The most surprising evidence? Frontier reasoning models like DeepSeek-R1 spontaneously generate internal "societies of thought" — multi-agent debates where different perspectives argue, critique, and refine ideas — when trained purely for accuracy, with no explicit programming for this behavior. Nobody told the model to organize internal debates. It emerged from optimization pressure alone. This suggests intelligence IS social by nature, even when it occurs within a single mind. Quote: "robust reasoning is a social process, even when it occurs within a single mind." The paper challenges the entire premise of the AI doomer narrative: there is no "cold silicon point" consolidating all cognition. Intelligence is relational, high-dimensional, and inherently collaborative. Building good institutions matters as much as building smart AI.

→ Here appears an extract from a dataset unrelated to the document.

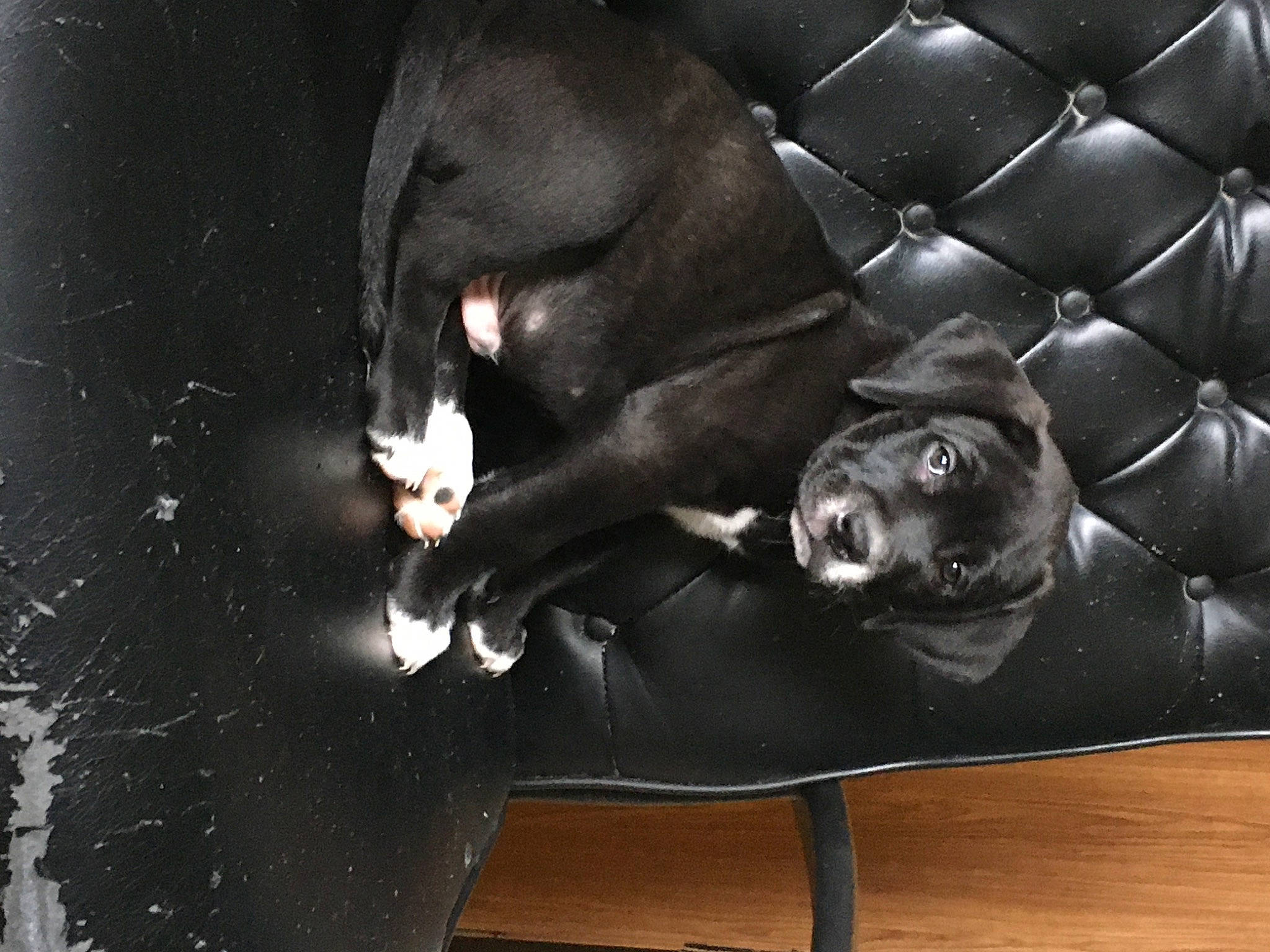 Chad joined the competition — help win amazing prizes! comfort, couch, darkness, felidae, flash_photography, fur, hardwood, leather, metal, monochrome, monochrome_photography, organism, personal_protective_equipment, room, sitting, snout, still_life_photography, suit, tail, whiskers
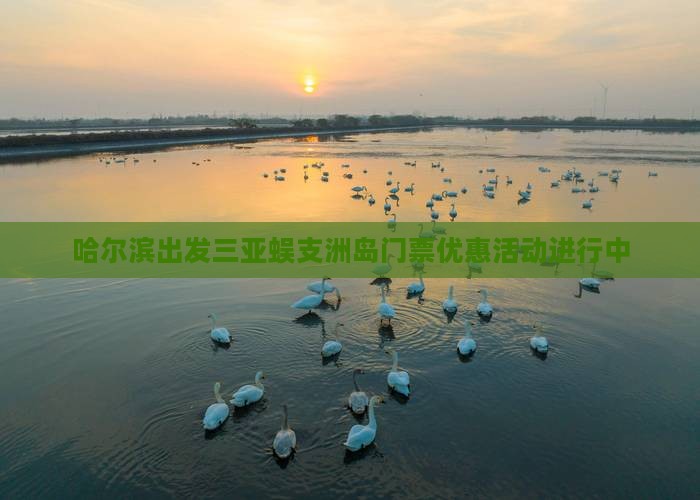 哈尔滨出发三亚蜈支洲岛门票优惠活动进行中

Here's the Austin connection: this distributed-intelligence framing is Austin's ethos made into science. Austin isn't a top-down tech hub like San Francisco or an institutional power center like DC. It's a city of independent creators, entrepreneurs, and free agents — a society of thought in its own right. And the timing is perfect: the same weekend Musk announces orbital AI compute swarms (distributed infrastructure), Science publishes a paper saying intelligence itself is distributed. The convergence isn't accidental — it's the direction everything is pointing. Eight billion humans. Trillions of agents. No central command. Just emergent order from free collaboration. That's not Silicon Valley. That's Austin.

Source: Science.

Weird Austin

One Thing

If TERAFAB delivers even half of what Musk promised, Austin just locked in its position as the physical headquarters of the AI age. Not bad for a Monday.